Some years ago, the Belgian public administration found that about 20% of the students in the Wallonia-Brussels federation (32,000 people) were not from Belgium! And most of them (a bit more than 50%) were from France.
A city for expats… but improvement is still possible
Brussels is therefore definitely a city of expats and for expats. Should you have a walk in the city centre, or in all the communes in the Brussels-Capital Region, you will certainly meet with French, Italian, German or Portuguese citizens. Those communities have made this city as attractive as it is, developing and highlighting Brussels’ charm. Workers from all over Europe are present in many economic sectors, and all the nationalities and foreign citizens have come with their expertise and skills to make Brussels great (again?). Many students, especially those who are involved in EU politics and law, aim at staying in Brussels and are used to staying at least a couple of years once their diploma is over. The foreign artists work, live and pay their taxes in Belgium and the health practitioners basically stay some years in Belgium to earn experience.
But it is not only about the expats that come to Brussels to offer expertise to the Belgian capital. Brussels is also a very good place in terms of meetings and opportunities.
Although there is no doubt about the strong links between Brussels and the expats, there is still an issue in terms of integration.

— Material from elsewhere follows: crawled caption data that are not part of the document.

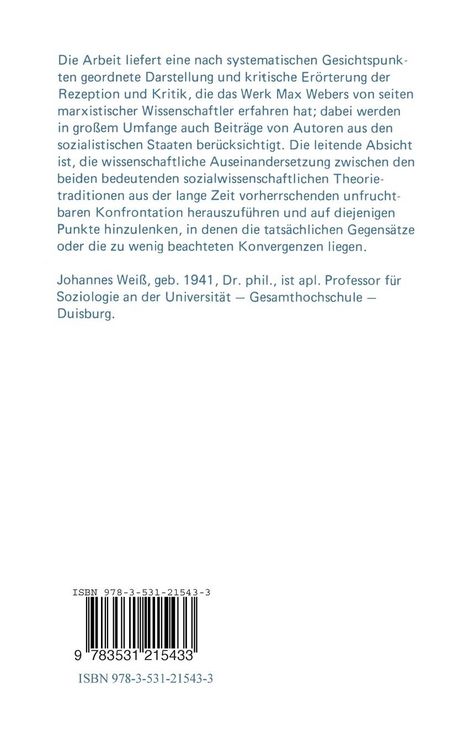 Produktbild: Das Werk Max Webers in der marxistischen Rezeption und Kritik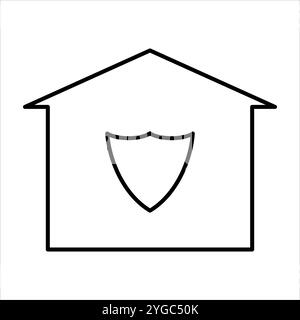 A minimalist flat icon representing home protection, featuring a stylized house with a shield. Perfect for enhancing home decor, symbolizing safety an Stock Vector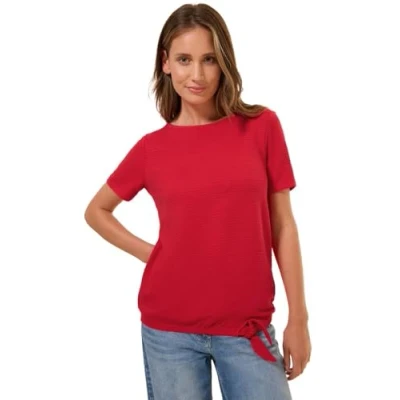 Afbeelding van Cecil Struktur MIT Knoten Tshirt print, Dames, Maat: Large, Rot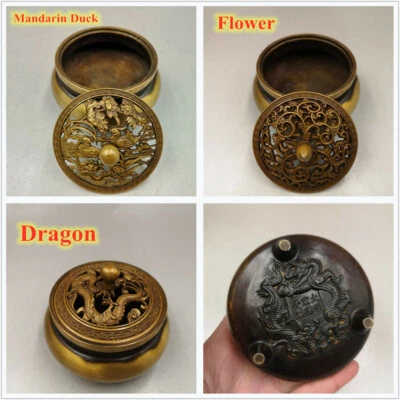 Quemador de incienso de dragón de latón mandarina flor de pato incensario plato adornos Foto 1 de 4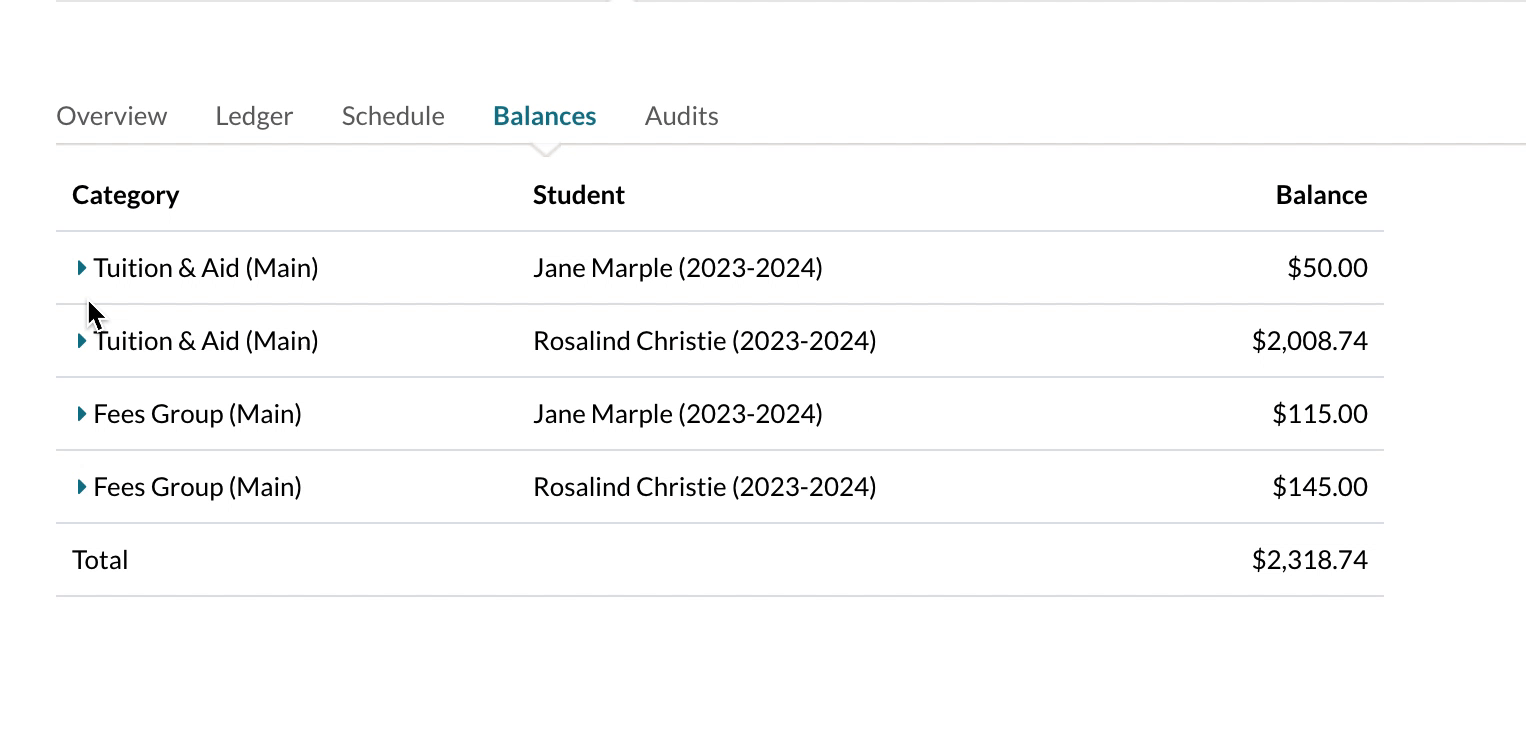 GIF of expanding the Category groups on the balances tab to show the amounts owed in each category.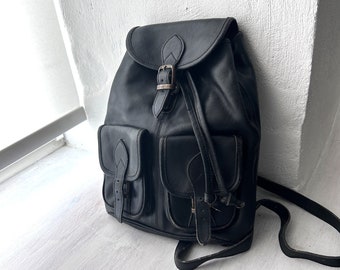 Vintage Drawstring Backpack / Leather Backpack / Black real Letaher 90s Backpack / School Bag / Boho Grunge Backpack /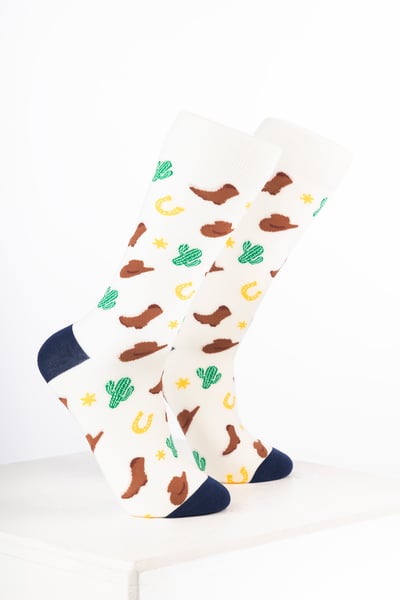 Women’s Bamboo Rich Horse Print Ankle Socks - Western Cream
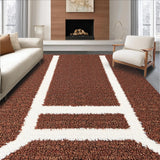 Ultra Soft Area Rug, Non Slip, Stain Resistant, Washable Area Rugs for Living Room, Bedroom, Playful Retro Sports Decor(Brown)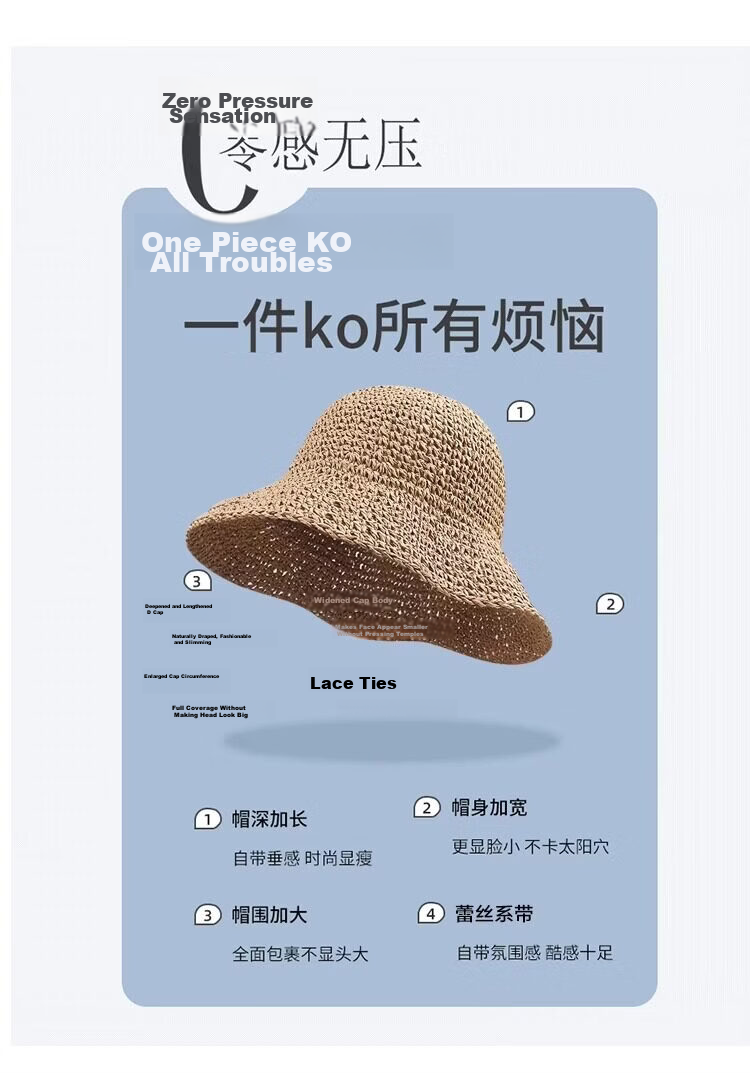 Ousen Oversized Wide Brim Straw Hat for Women Beach Sun Protection Foldable Deep Fisherman Hat Large Size 12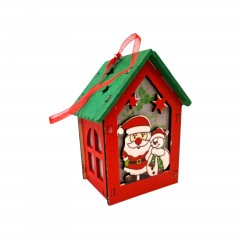 Decoratiune de Craciun din lemn, casuta cu panglica de agatare [2]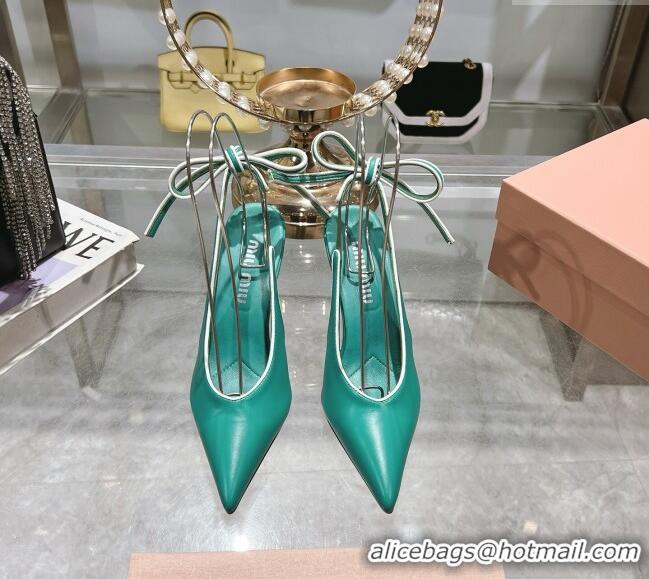 Best Product Miu Miu Nappa Leather Slingback Pumps 9cm with Back Lace 5I430E Green 2025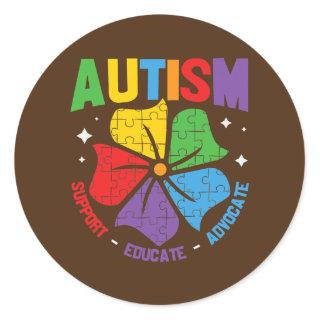 AUTISM AWARENESS Support Autism Kids for Mom Dad  Classic Round Sticker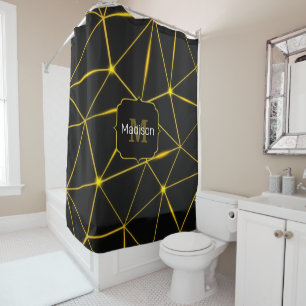 Geometrische schwarze Dreiecke goldene Linien Mono Duschvorhang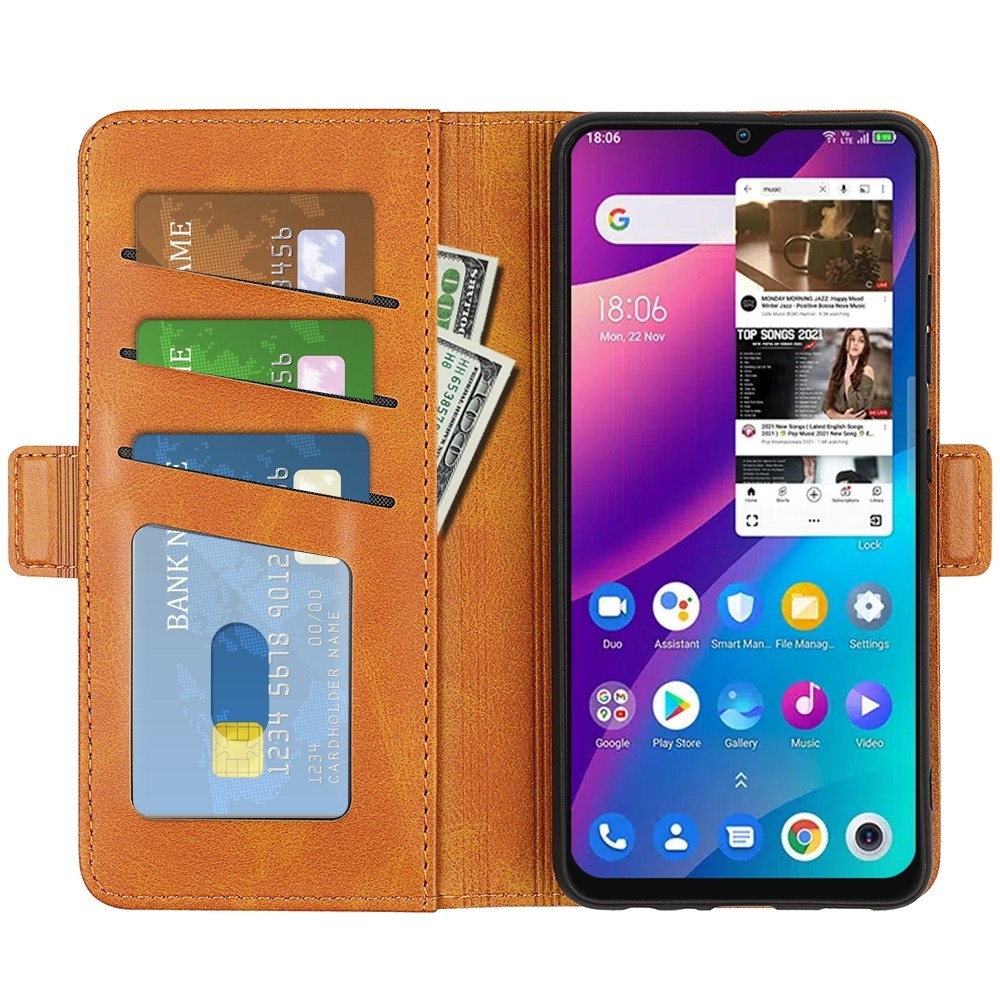 TCL 306 / 305 / 30 SE / 30 E Θήκη Βιβλίο Ανοιχτό Καφέ Dual-side Magnetic Buckle Phone Case Light Brown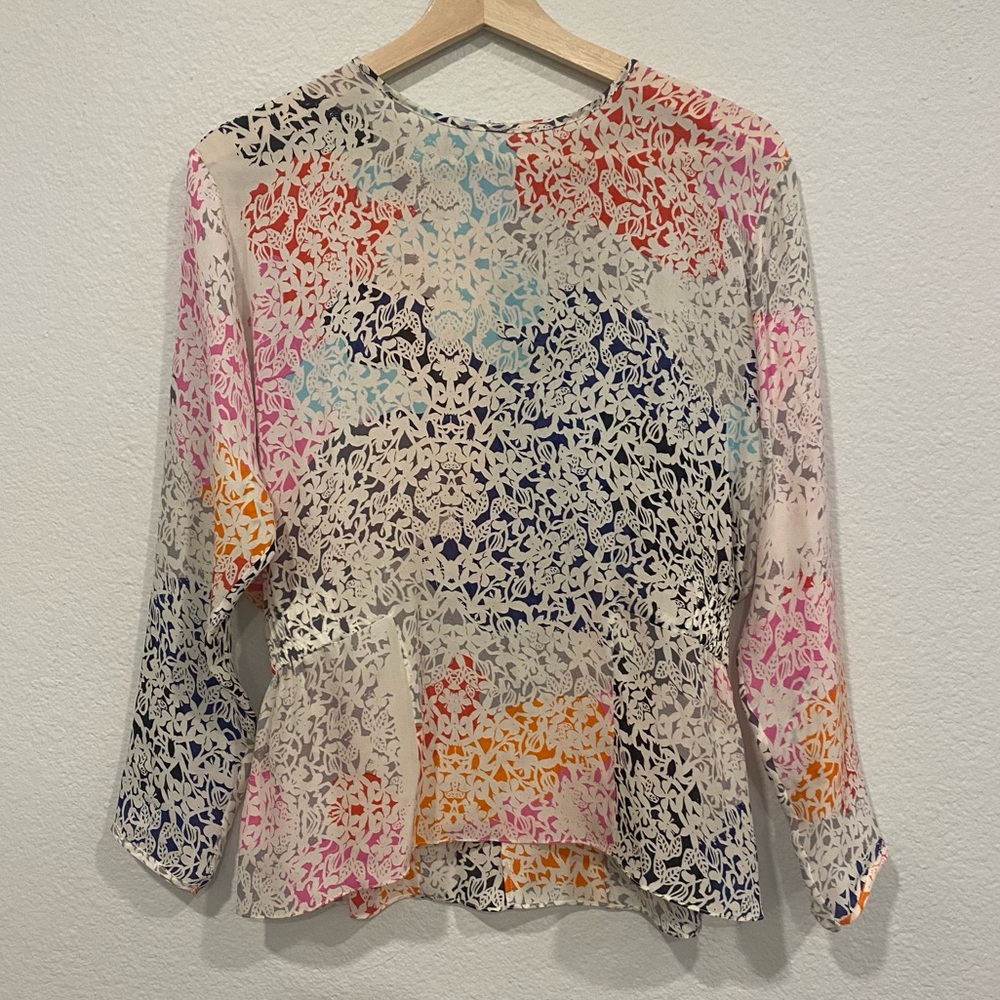 TANYA TAYLOR Colorful Floral 100% Silk Blouse Peplum Top size 4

The EU bubble is sort of closed and many “Eurocrats” do not often mix with the Belgian citizens. The Italian, German and Spanish citizens know each other well in Brussels, but becoming friends with Belgian people could be a sort of big deal today. Although the city and the civil society are used to setting up many events to mix and gather the different communities, some efforts are still needed from the individuals. The way is however not as long as it seems. Making the Belgian and the EU capital as diverse as possible in every neighbourhood and every working area and event definitely can be a reality.
Should United in diversity also be the Brussels motto in the future?